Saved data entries
Content starts
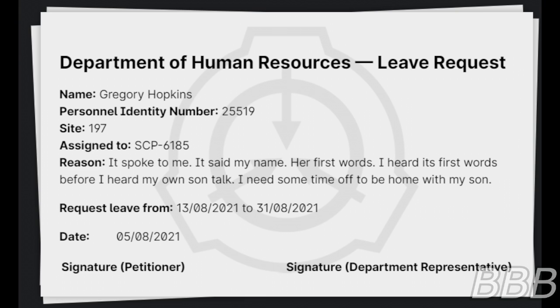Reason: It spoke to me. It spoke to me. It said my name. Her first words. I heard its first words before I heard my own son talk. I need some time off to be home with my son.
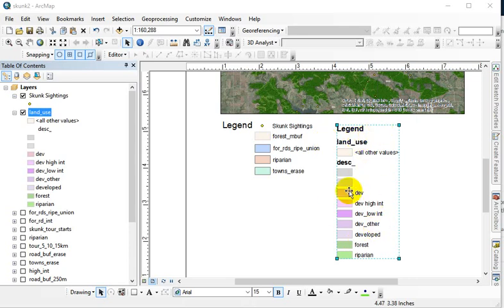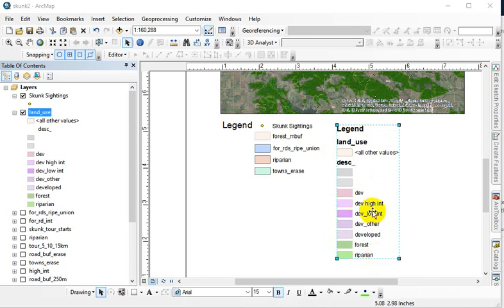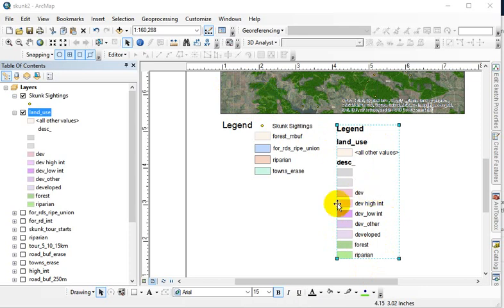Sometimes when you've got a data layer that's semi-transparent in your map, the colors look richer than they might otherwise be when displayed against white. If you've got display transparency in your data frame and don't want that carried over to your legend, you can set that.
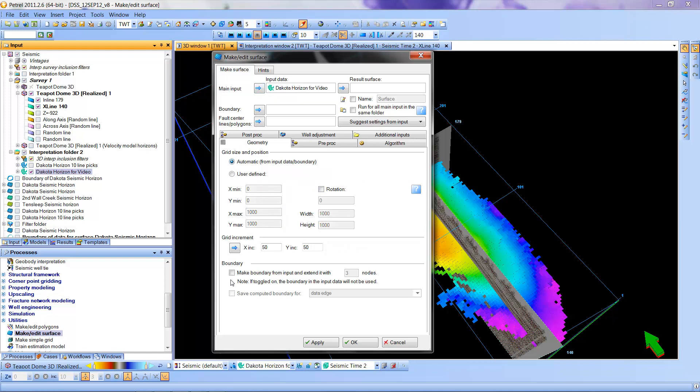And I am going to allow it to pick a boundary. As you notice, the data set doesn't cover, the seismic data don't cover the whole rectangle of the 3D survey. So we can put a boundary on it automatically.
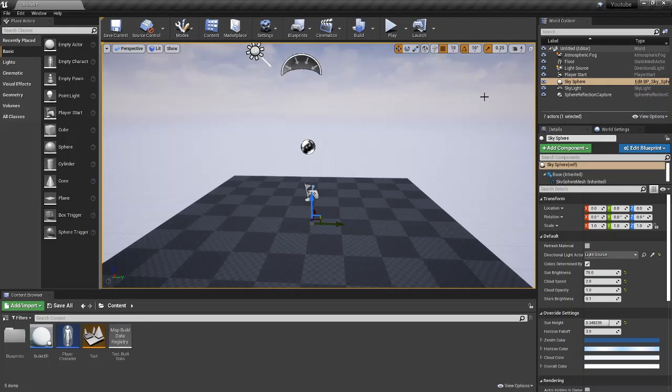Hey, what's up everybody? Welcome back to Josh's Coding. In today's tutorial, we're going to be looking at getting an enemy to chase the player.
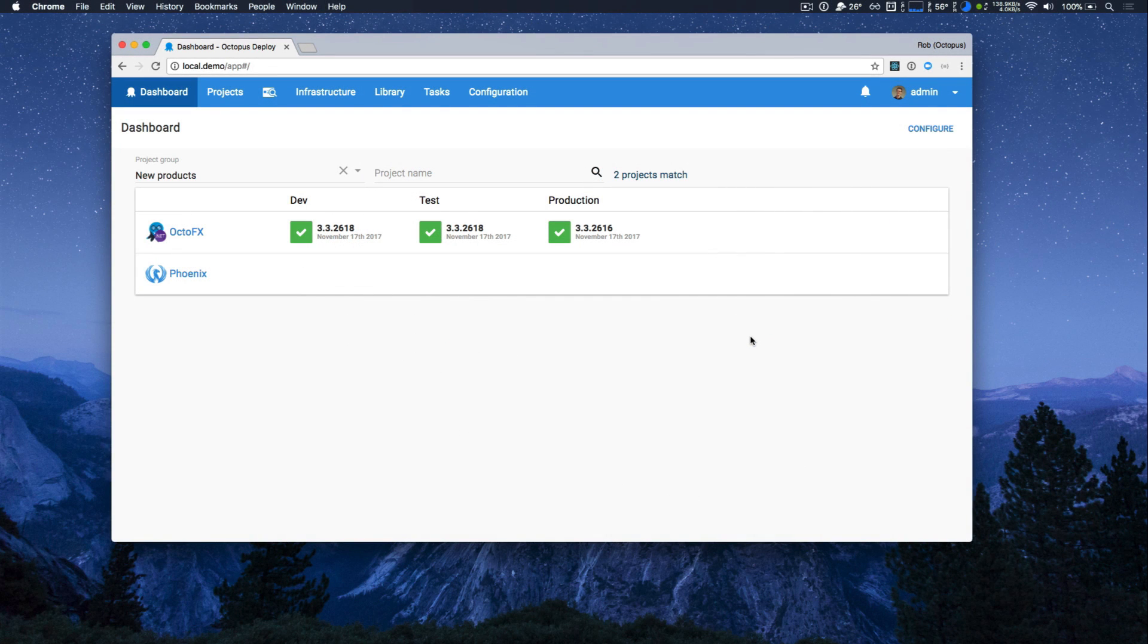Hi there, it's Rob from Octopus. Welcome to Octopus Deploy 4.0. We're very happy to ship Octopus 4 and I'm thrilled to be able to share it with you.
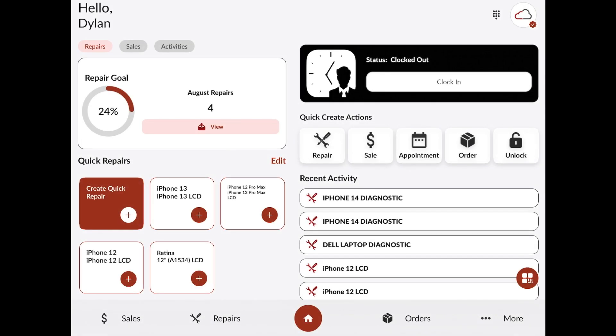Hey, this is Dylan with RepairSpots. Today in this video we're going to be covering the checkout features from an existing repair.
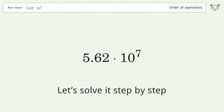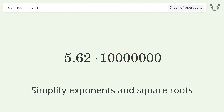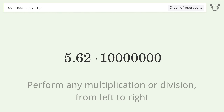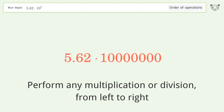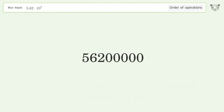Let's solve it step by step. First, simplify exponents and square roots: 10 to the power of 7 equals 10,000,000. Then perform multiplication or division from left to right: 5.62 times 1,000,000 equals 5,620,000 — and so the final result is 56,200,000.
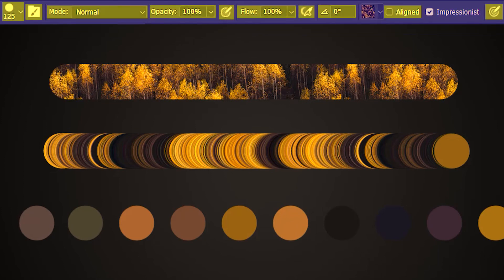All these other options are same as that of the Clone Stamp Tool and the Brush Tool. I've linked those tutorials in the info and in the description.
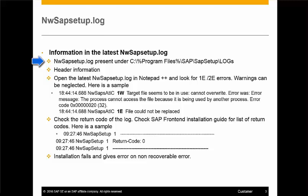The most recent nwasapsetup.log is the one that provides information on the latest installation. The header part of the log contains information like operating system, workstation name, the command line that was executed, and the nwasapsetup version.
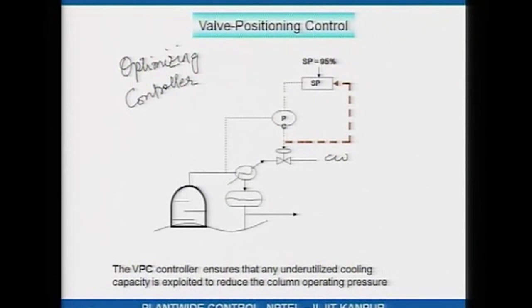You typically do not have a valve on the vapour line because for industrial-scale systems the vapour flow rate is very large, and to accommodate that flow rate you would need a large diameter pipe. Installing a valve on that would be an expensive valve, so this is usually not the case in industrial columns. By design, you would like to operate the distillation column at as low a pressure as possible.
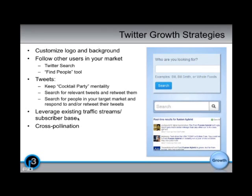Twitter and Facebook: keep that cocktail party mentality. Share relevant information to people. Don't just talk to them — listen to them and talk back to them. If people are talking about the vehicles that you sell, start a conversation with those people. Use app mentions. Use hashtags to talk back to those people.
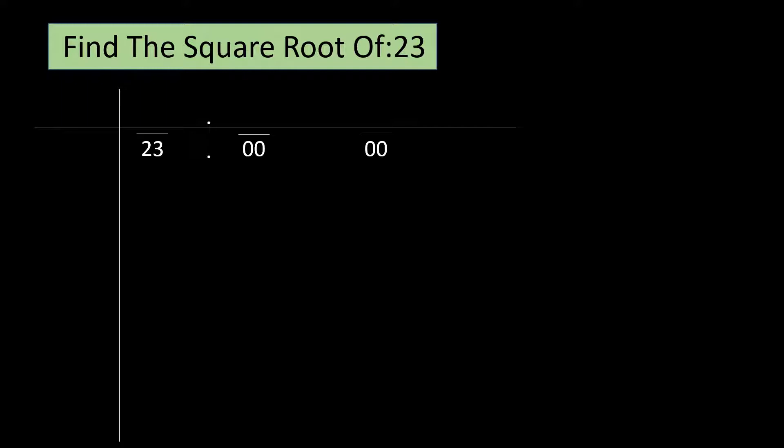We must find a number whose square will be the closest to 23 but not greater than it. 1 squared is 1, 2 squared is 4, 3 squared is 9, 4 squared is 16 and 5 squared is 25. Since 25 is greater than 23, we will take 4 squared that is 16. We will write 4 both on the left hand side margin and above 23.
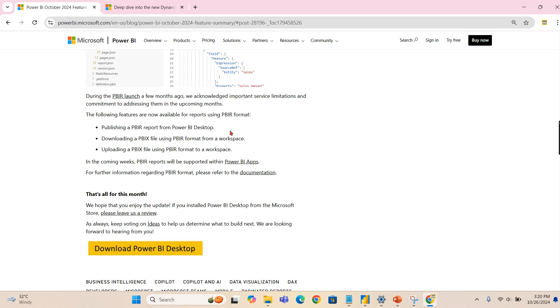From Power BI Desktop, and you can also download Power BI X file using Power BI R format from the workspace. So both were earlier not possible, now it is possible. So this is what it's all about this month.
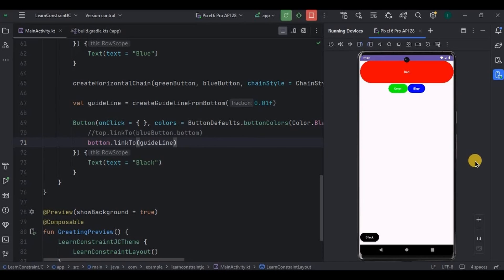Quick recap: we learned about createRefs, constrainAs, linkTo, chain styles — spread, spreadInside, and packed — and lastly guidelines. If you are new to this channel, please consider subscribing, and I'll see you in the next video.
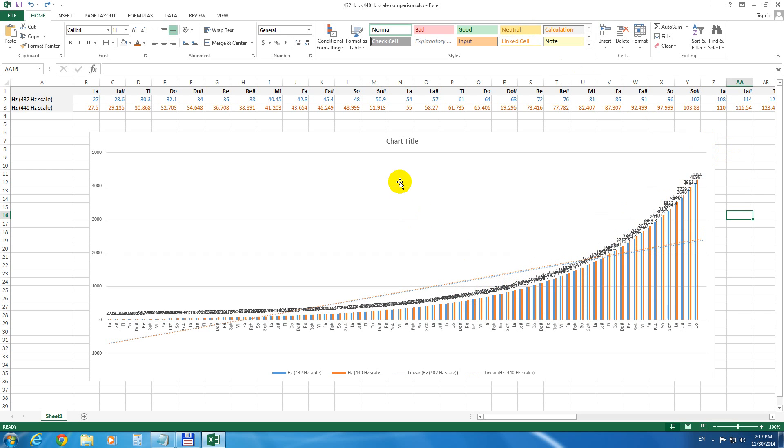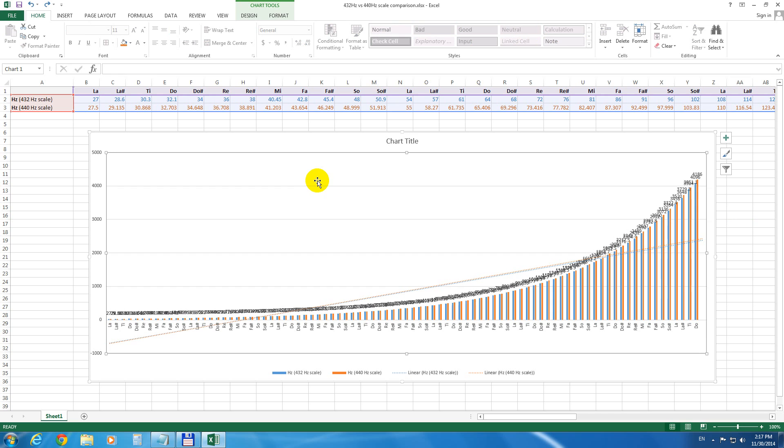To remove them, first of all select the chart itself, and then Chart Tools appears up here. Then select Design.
Content ends
_What to work on_: What's needed is an exact copy of the lines above from the one with "Hey, this is" through the one with "Let's solve it", both included; the pictures stay out.

_Problem solution_:
Hey, this is Dylan with RepairSpots. Today in this video we're going to be covering the checkout features from an existing repair.
Let's solve it step by step. First, simplify exponents and square roots: 10 to the power of 7 equals 10,000,000. Then perform multiplication or division from left to right: 5.62 times 1,000,000 equals 5,620,000 — and so the final result is 56,200,000.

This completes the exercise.